DanielStevenLewis opened this issue · comments

https://github.com/Betterment/delayed#migrating-from-delayedjob states "that some configurations, like queue_attributes, exit_on_complete, backend, and raise_signal_exceptions have been removed entirely." I think the lack of raise_signal_exceptions (and the reliance on the behaviour described in https://github.com/Betterment/delayed#running-a-worker-process) could prevent me from suggesting switching over from delayed_job to delayed. Would it be difficult to support raise_signal_exceptions and are there any concerns with the idea of supporting it?

Can you say more about what your concerns are with the delayed behavior? Delayed's behavior prioritizes finishing jobs that have begun to the extent possible before worker shutdown in an attempt not to waste work and minimize job latency. It also leans into the assumption that not every job payload will have been implemented with ideal semantic idempotency. In our view having a more opinionated and curated worker drain/deployment process is an advantage, but would love to learn more about your context.
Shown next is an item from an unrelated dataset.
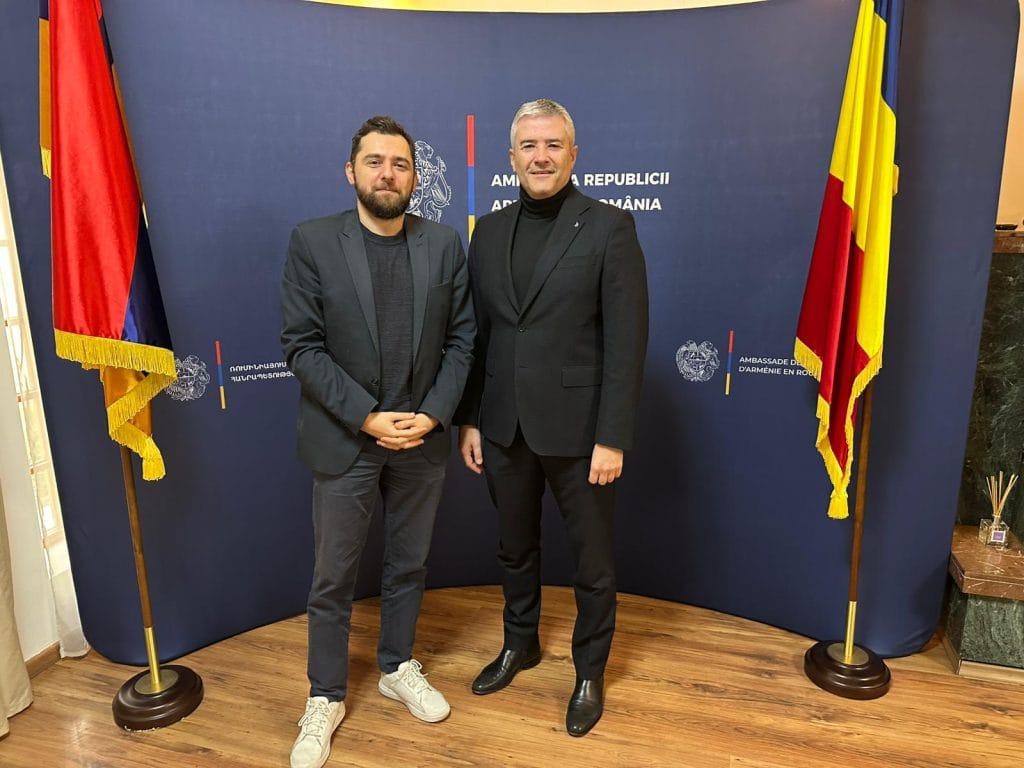 Meeting between Mr. Sorin Mierlea, President of InfoCons Consumer Protection, and His Excellency Mr. Tigran Galstyan, Ambassador of the Republic of Armenia to Romania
We currently use Delayed::Worker.raise_signal_exceptions = :term with delayed_job. I'm hoping that we can switch over to delayed with minimal work/changes needed, and thereby benefit from the performance enhancements it has, as a quick win.
We restart the job servers whenever we deploy (every few days), and we have jobs that take many hours to run. I'm concerned that without this configuration option, after a deployment we'd have jobs that would take a very long time before they can retry.
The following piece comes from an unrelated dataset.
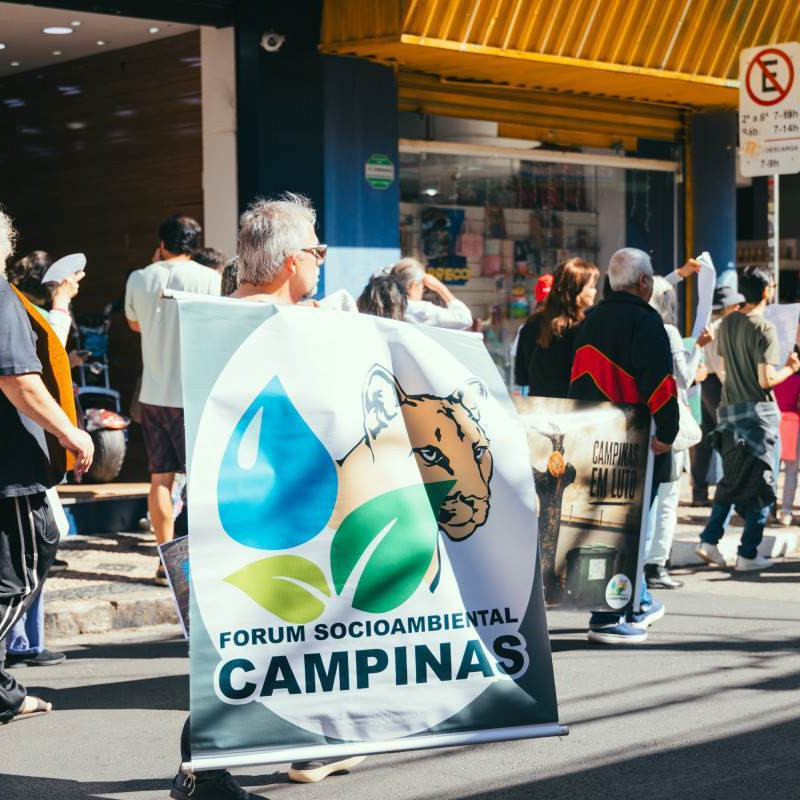 No Dia Mundial do Meio Ambiente, manifestantes protestam contra política ambiental de Campinas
Thanks for asking @jmileham . Is there more information I should try provide to better speak to your question?

So you're looking to switch to delayed but would need to extend the job timeout, and aren't looking to implement a long-lived draining period in your infra coordination right away? Makes sense. I'll tag out now because @smudge will have smarter thoughts about where to go from here.

Right! Thanks

I started looking into this on Friday, but I'll note that it's a little more complicated than simply adding the feature back. We removed it because it was incompatible with delayed's multithreading (where a single worker can claim & work off multiple jobs at once, configured via the max_claims option). Supporting raise_singal_exceptions in a way that would allow the individual job threads to rescue would require some extra signal-passing across threads that I haven't had a chance to explore yet.